Performance is further improved when vermicomposting is combined with functional materials such as biochar, zeolite or clay minerals. These additives can adsorb antibiotics and heavy metals, reducing stress on earthworms and microbes, while stabilizing contaminants and reducing selective pressure favoring resistant bacteria. In tests summarized by the authors, combining earthworms with biochar or mineral amendments increased earthworm growth, accelerated organic matter degradation, improved wetting, and increased removal rates for both resistance genes and heavy metal resistance markers.

Together, earthworm activity, mucus-derived biochemistry, and custom additives create a multi-level containment system that works from molecules to entire ecosystems. The result is a stronger, more consistent reduction in antibiotic resistance genes than is typically achieved with conventional composting alone, while producing a high-quality organic fertilizer that can improve soil structure, water retention and plant nutrition.

From promising lab results to reality

Despite these advantages, the authors caution that significant challenges remain before vermicomposting can be widely used as an antibiotic resistance control strategy. Different earthworm species vary in their tolerance to antibiotics and environmental conditions, and key operating parameters such as density, feedstock composition, temperature, and moisture must be fine-tuned for each type of agricultural waste. Large-scale systems must also address the climate sensitivity, reactor design, automation, and logistics of maintaining healthy earthworm populations on an industrial scale.
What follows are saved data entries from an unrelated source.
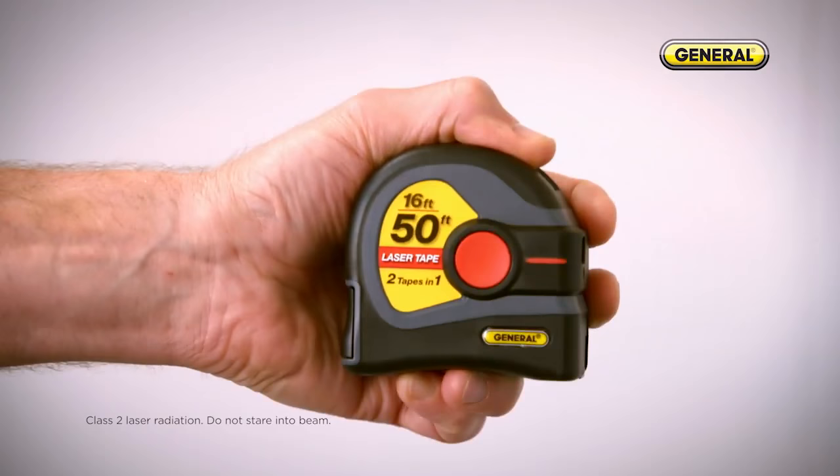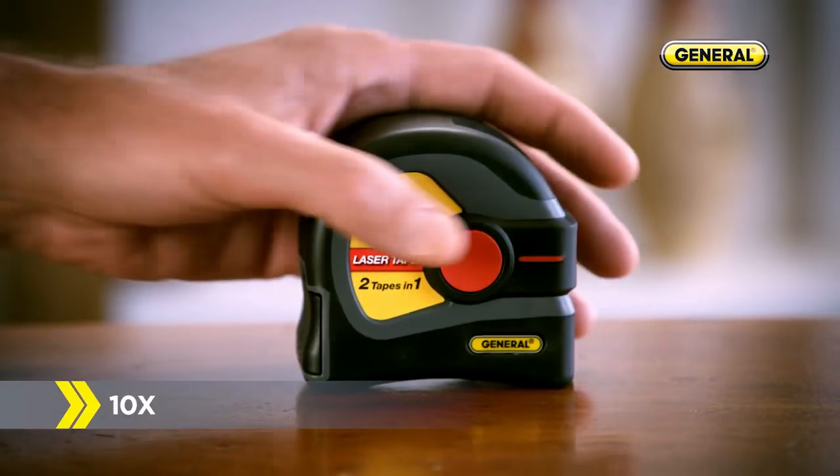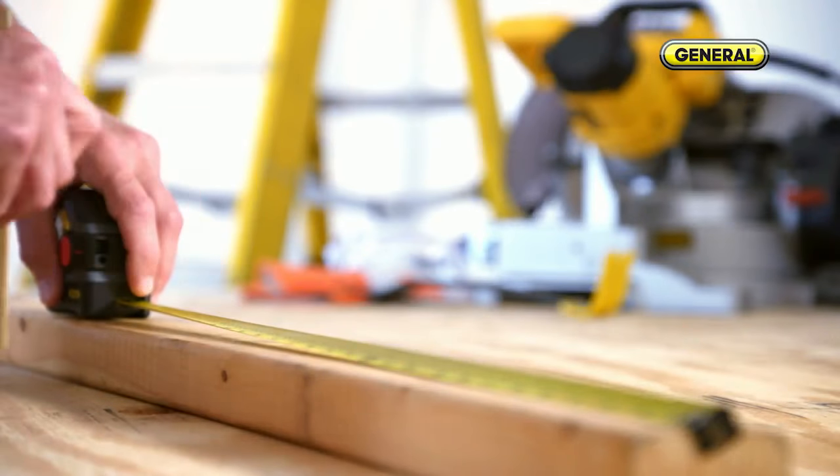Introducing the first combination laser and tape measure, new from General Tools. Cool tool. With the push of a button, the laser precisely measures up to 50 feet with one hand, and the tape handles all your smaller measurements.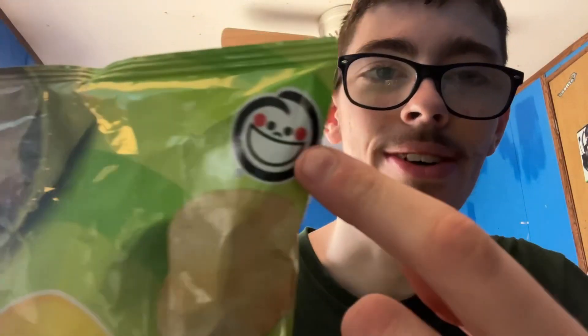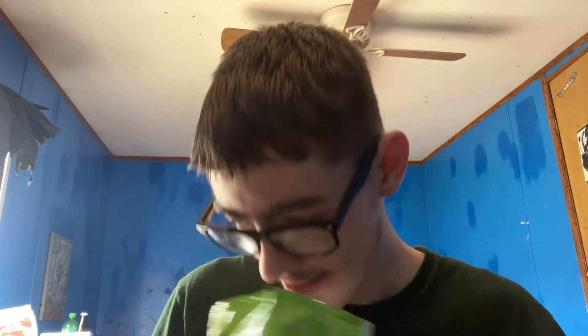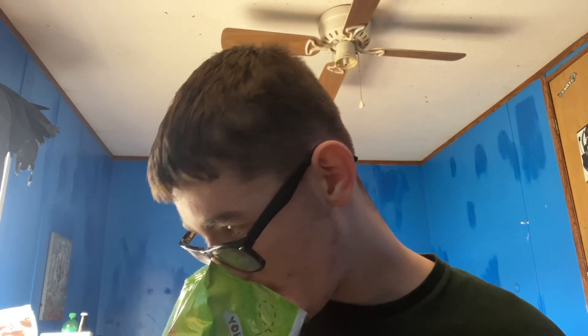Who in the heck is this guy up here on the bag? Is that the Lay's mascot? This doesn't smell like lime — it smells like the Lay's original with some grass smell to it. It smells like grass with Lay's on it.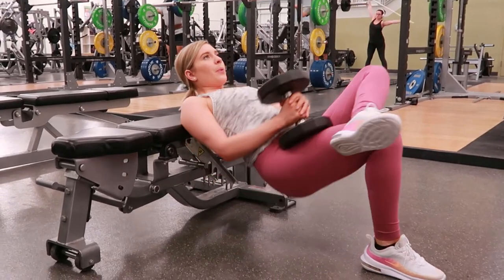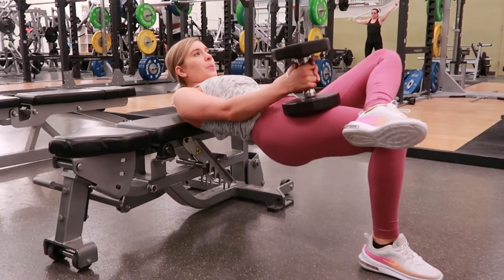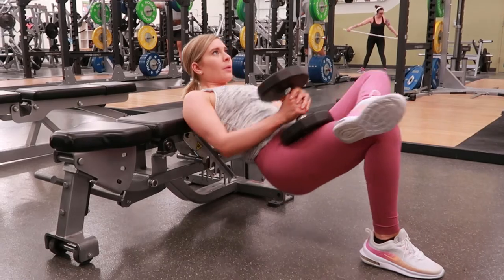Press up through your heels, take a breath in, tighten your core, and squeeze your glutes at the top. Then come back down on the exhale and repeat.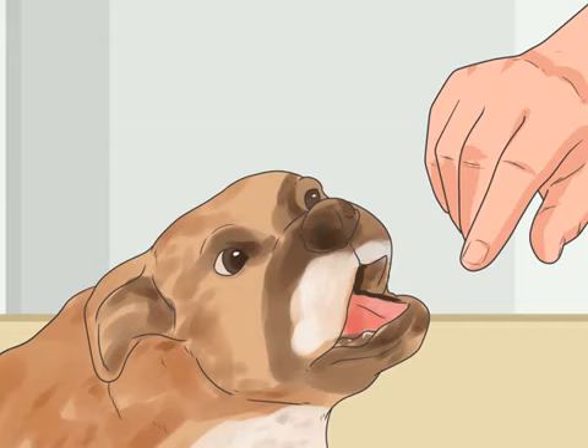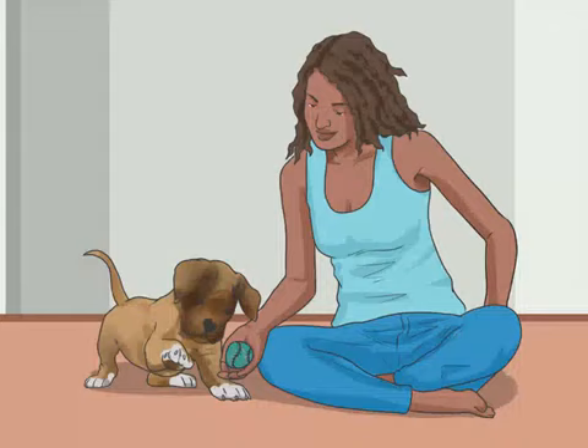It's important to teach the pup to not bite hard first, so that if your pup ever does decide to bite out of the blue, it's less likely to break skin or cause a serious injury. The first step in this training is to start playing with your pup. Let him mouth on your hand, though not hard.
Another open question is the long-term fate of any resistance genes that remain in the vermicompost once it is applied to fields. The review calls for multi-year field studies and realistic risk assessments to understand whether residual genes can be reactivated under new stresses such as heavy metals or additional antibiotic use. The authors argue that future work should incorporate multi-ohmic tools, artificial intelligence models, and engineered treatment trains that combine thermal pretreatment, vermicomposting, and targeted polishing steps such as enzyme or phage applications.

“Antibiotic resistance is a complex system-wide problem, and no single technology will solve it,” notes Yang. “But by harnessing earthworms and modern biotechnology together, vermicomposting offers a practical path to making manure recycling safer for farmers, consumers and the environment.”